## [EXTRACTED MATERIAL]

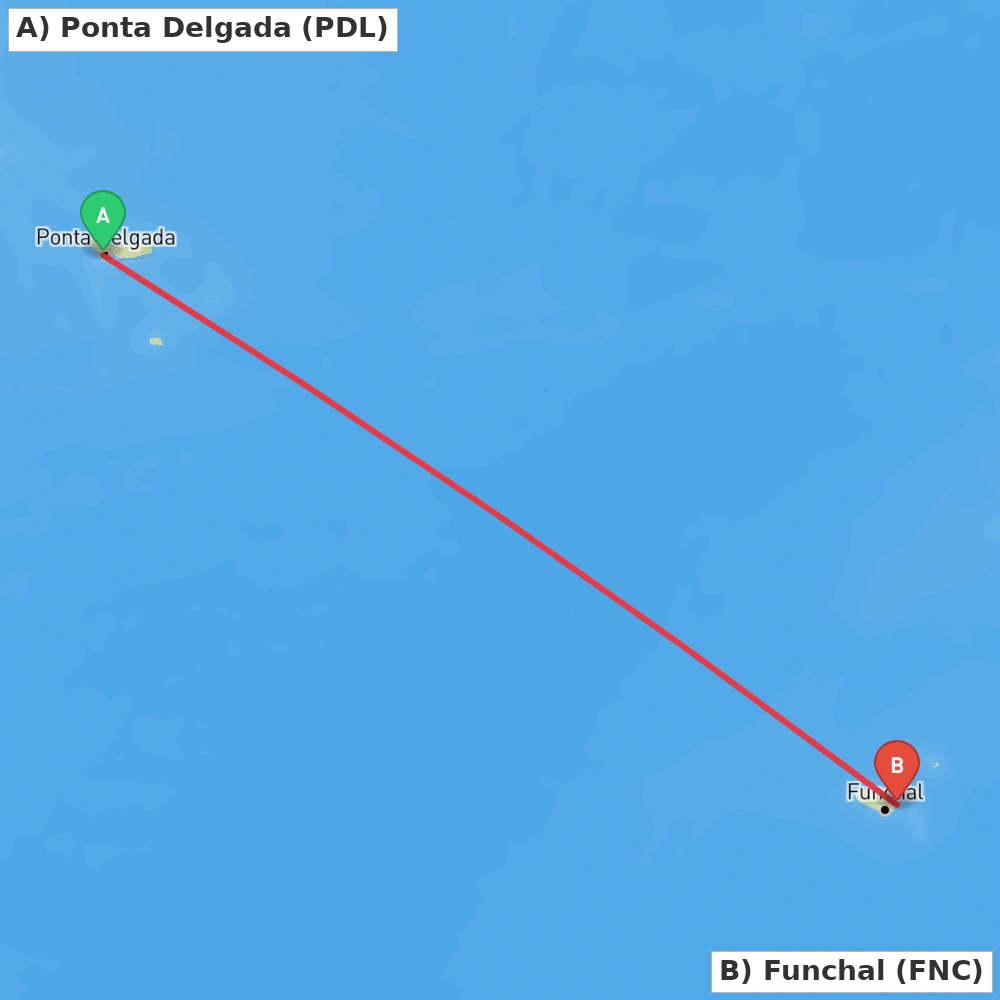 Flight route map from Ponta Delgada to Funchal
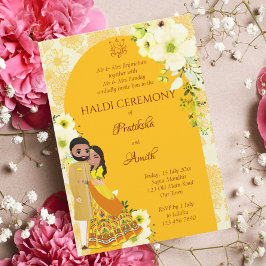 Invitación Haldi invita a las flores amarillas arco novia ind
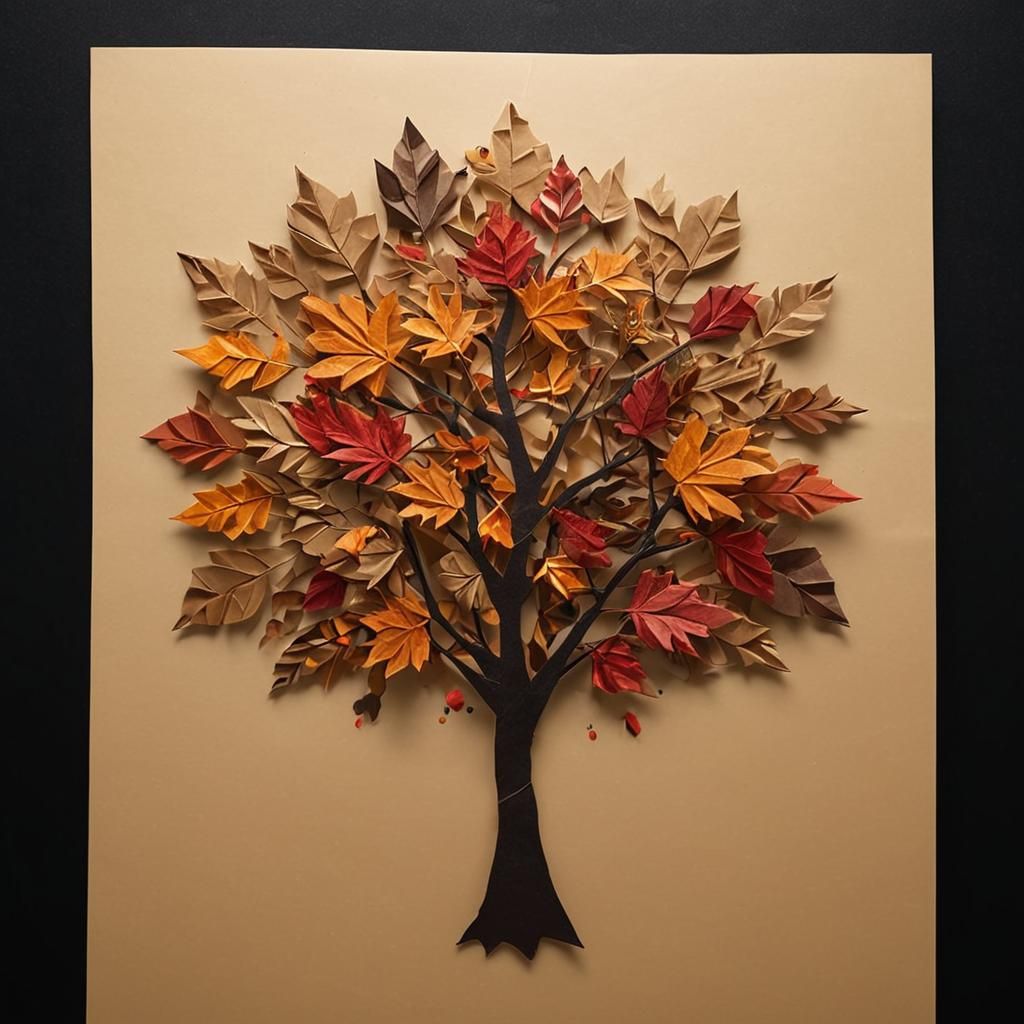 Detailed Paper and Leaf Collage of Autumn Tree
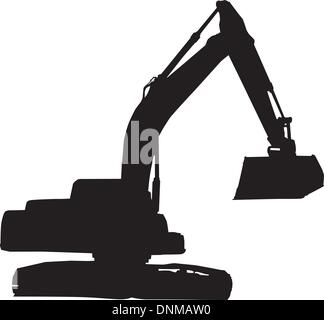 mechanical digger excavator silhouette on isolated white background. Stock Vector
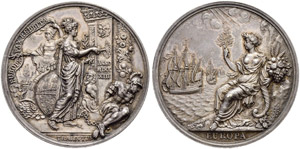 Utrecht, Stadt - Silbermedaille 1713. Auf ... 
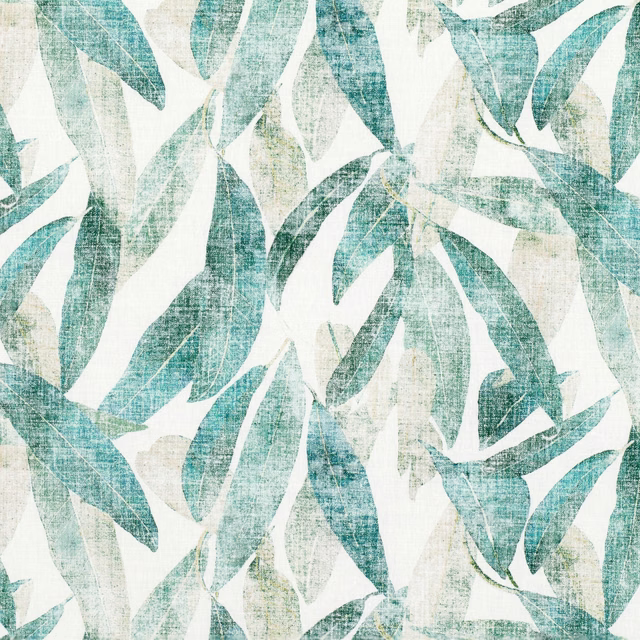 Cool jade and pale teal leaf shapes over an ivory, crosshatched ground
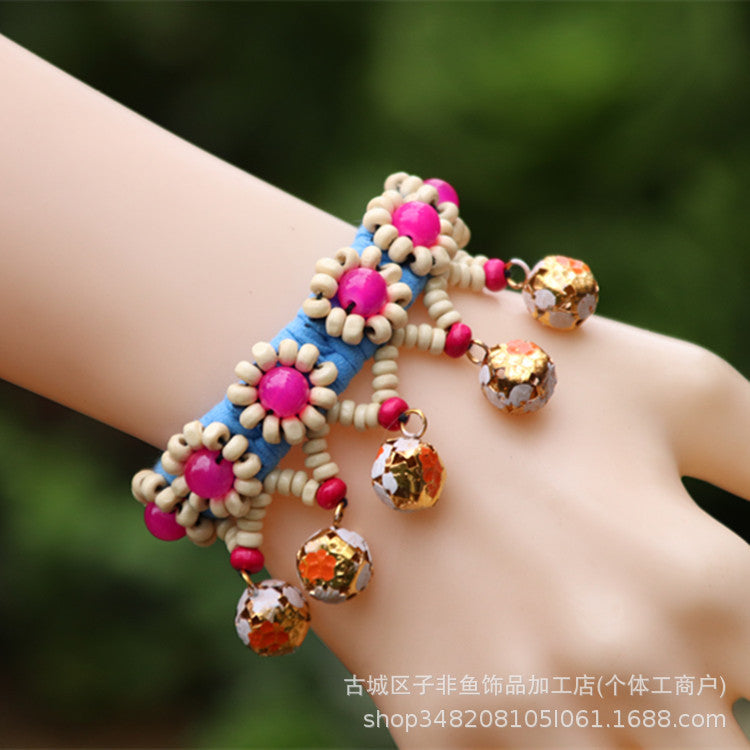 Wholesale Ethnic Style Tie-dye Hand-sewn Fabric Blue Dyed Blue Cloth Bracelet Jewelry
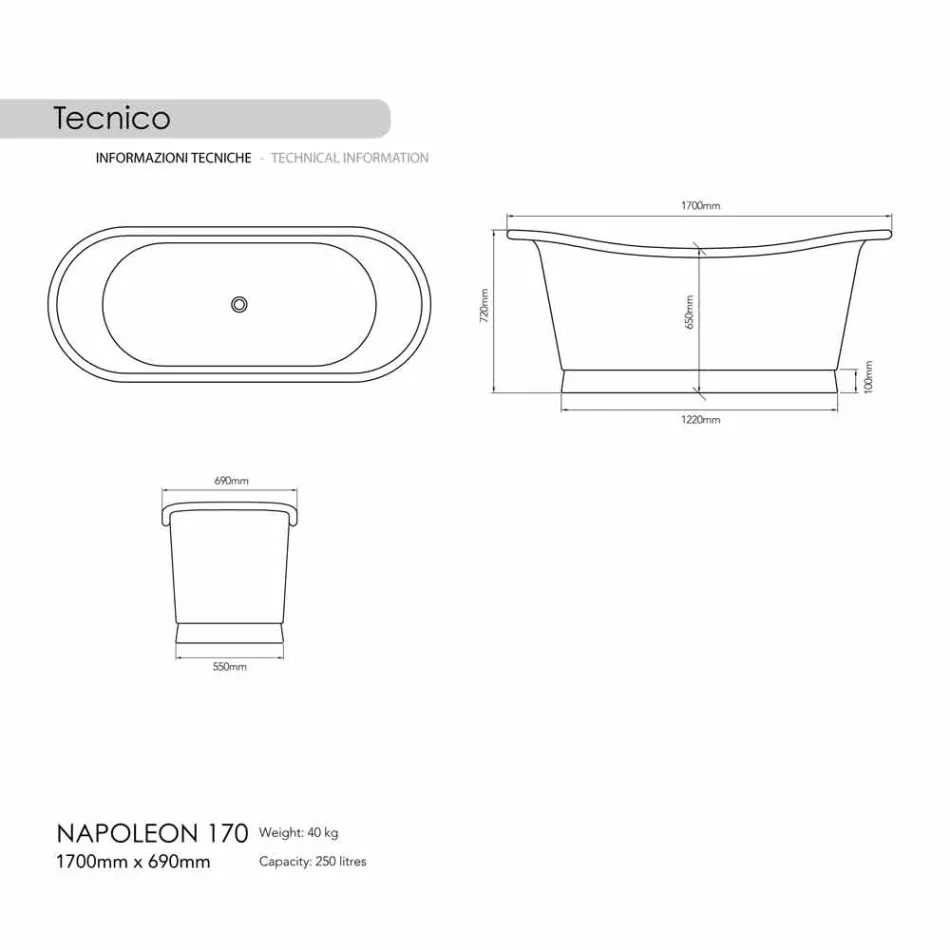 Vana volně stojící měď lázeň dokončena v niklu Julia Viadurini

## [ABOUT THIS EXERCISE]
Give the listing above again word for word, without its pictures.

## [TASK RESULT]
 Flight route map from Ponta Delgada to Funchal
 Invitación Haldi invita a las flores amarillas arco novia ind
 Detailed Paper and Leaf Collage of Autumn Tree
 mechanical digger excavator silhouette on isolated white background. Stock Vector
 Utrecht, Stadt - Silbermedaille 1713. Auf ... 
 Cool jade and pale teal leaf shapes over an ivory, crosshatched ground
 Wholesale Ethnic Style Tie-dye Hand-sewn Fabric Blue Dyed Blue Cloth Bracelet Jewelry
 Vana volně stojící měď lázeň dokončena v niklu Julia Viadurini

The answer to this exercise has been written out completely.